Human beings need privacy
by digby
I have been assuming that a lot of my visceral loathing of government surveillance (and not just the NSA, but all the public cameras and the general degradation of privacy in our culture) was just a sign of my old age. I simply cannot reconcile myself to the idea that one’s every thought an action should be in the public domain. It’s always struck me that a need for privacy is fundamentally human and that it’s uniquely stressful in some way to live your life entirely out in the open. Still young people seem to be pretty comfortable with this idea in a way that I’m not, so what do I know?
This article about the psychological effects of surveillance sort of backs up my own instincts, however:
While pundits have argued vigorously about the merits and drawbacks of such programs, the voice of science has remained relatively quiet. This is despite the fact that science, alone, can lay claim to a wealth of empirical evidence on the psychological effects of surveillance. Studying that evidence leads to a clear conclusion and a warning: indiscriminate intelligence-gathering presents a grave risk to our mental health, productivity, social cohesion, and ultimately our future.
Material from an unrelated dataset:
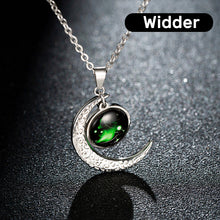 Laden Sie das Bild in den Galerie-Viewer, Schmuck Konstellation Leuchtende Halskette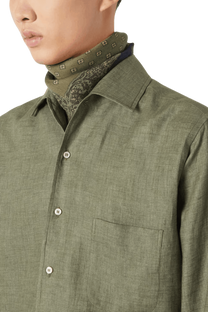 Loro Piana Men's André Shirt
It goes on to spell out the various psychological and sociological studies that show just what happens to humans when they are subject to constant surveillance. It changes them. The following are the headings for the various ways in which that happens:
Surveillance impairs mental health and performance
Surveillance promotes distrust between the public and the state
Surveillance breeds conformity
Surveillance can actually undermine the influence of authority
Surveillance paves the way to a pedestrian future
The conformity and pedestrian future segments are particularly interesting :
For more than 50 years we’ve known that surveillance encourages conformity to social norms. In a series of classic experiments during the 1950s, psychologist Solomon Asch showed that conformity is so powerful that individuals will follow the crowd even when the crowd is obviously wrong. A government that engages in mass surveillance cannot claim to value innovation, critical thinking, or originality…
As the world’s governments march toward universal surveillance, their ignorance of psychology is clear at every step. Even in the 2009 House of Lords report “Surveillance: Citizens and the State” – a document that is critical of surveillance – not a single psychologist is interviewed and, in 130 pages, not a single reference is made to decades of psychological research.
We ignore this evidence at our peril. Psychology forewarns us that a future of universal surveillance will be a world bereft of anything sufficiently interesting to spy on – a beige authoritarian landscape in which we lose the ability to relax, innovate, or take risks. A world in which the definition of “appropriate” thought and behaviour becomes so narrow that even the most pedantic norm violations are met with exclusion or punishment. A world in which we may even surrender our very last line of defence – the ability to look back and ask: Why did we do this to ourselves?
The surveillance society naturally results in less creativity, less innovation, less dissent, less freedom. I know it sounds ridiculously hyperbolic, but this strikes me as a potentially huge social change that nobody’s talking about. What kind of a world will it be when people no longer have an inner self, at least an inner self that has any possibility of expression without being revealed to everyone else. What happens when you lose control over your identity, your history, your ability to reinvent yourself and take second chances?
I think it’s insidious. People aren’t meant to be on display all the time. We need our secrets. It’s the government that isn’t supposed to have them, not us.